→ **GIVEN INFORMATION**
*-*-*

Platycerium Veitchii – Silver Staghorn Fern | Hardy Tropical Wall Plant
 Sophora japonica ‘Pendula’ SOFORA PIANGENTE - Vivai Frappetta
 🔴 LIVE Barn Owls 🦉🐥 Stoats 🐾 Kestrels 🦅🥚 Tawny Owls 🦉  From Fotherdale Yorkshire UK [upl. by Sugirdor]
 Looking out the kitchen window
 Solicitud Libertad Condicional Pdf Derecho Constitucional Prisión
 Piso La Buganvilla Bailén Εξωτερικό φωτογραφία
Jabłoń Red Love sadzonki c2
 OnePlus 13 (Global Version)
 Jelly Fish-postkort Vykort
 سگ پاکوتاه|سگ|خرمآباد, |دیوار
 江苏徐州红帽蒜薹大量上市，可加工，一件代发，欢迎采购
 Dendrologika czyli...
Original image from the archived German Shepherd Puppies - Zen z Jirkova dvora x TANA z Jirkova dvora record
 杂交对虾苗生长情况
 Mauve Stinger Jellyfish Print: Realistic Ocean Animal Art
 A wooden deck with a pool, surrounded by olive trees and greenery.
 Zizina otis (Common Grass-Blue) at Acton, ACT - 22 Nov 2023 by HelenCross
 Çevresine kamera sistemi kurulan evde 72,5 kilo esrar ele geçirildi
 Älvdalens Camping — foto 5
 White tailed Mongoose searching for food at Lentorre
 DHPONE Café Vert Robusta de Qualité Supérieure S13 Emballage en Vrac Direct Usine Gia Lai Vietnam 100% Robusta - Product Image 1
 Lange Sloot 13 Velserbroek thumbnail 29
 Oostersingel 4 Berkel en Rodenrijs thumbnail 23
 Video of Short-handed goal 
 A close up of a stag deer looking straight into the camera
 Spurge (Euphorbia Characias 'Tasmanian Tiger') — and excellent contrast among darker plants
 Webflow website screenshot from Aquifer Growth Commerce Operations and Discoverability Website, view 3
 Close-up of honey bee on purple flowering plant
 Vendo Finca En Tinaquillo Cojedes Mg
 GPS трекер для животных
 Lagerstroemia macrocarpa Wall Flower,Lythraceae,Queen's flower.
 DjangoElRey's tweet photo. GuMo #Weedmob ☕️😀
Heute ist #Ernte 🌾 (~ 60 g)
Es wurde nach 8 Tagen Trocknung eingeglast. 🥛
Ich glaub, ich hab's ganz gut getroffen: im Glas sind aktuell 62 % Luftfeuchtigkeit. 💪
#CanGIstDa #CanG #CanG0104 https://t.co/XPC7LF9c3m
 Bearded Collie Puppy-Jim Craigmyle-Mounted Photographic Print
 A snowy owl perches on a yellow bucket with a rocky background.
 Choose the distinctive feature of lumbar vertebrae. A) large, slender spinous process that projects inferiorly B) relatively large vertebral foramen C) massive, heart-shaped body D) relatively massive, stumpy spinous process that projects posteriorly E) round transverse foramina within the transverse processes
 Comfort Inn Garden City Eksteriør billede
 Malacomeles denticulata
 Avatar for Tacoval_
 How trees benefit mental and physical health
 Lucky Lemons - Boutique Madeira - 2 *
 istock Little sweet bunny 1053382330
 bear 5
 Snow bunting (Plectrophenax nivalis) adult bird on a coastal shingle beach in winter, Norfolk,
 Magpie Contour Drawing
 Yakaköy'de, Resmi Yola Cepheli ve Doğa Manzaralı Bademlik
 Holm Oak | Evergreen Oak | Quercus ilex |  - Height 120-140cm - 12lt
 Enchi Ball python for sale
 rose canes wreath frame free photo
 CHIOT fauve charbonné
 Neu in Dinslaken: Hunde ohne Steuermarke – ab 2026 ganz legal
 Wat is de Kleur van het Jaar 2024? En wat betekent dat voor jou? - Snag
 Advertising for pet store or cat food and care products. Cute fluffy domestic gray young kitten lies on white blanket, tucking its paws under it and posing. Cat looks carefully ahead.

*-*-*

→ **YOUR OBJECTIVE**
Check each line of the records for the word "trees" and extract those that contain it.

→ **EXERCISE ANSWER**
 A wooden deck with a pool, surrounded by olive trees and greenery.
 How trees benefit mental and physical health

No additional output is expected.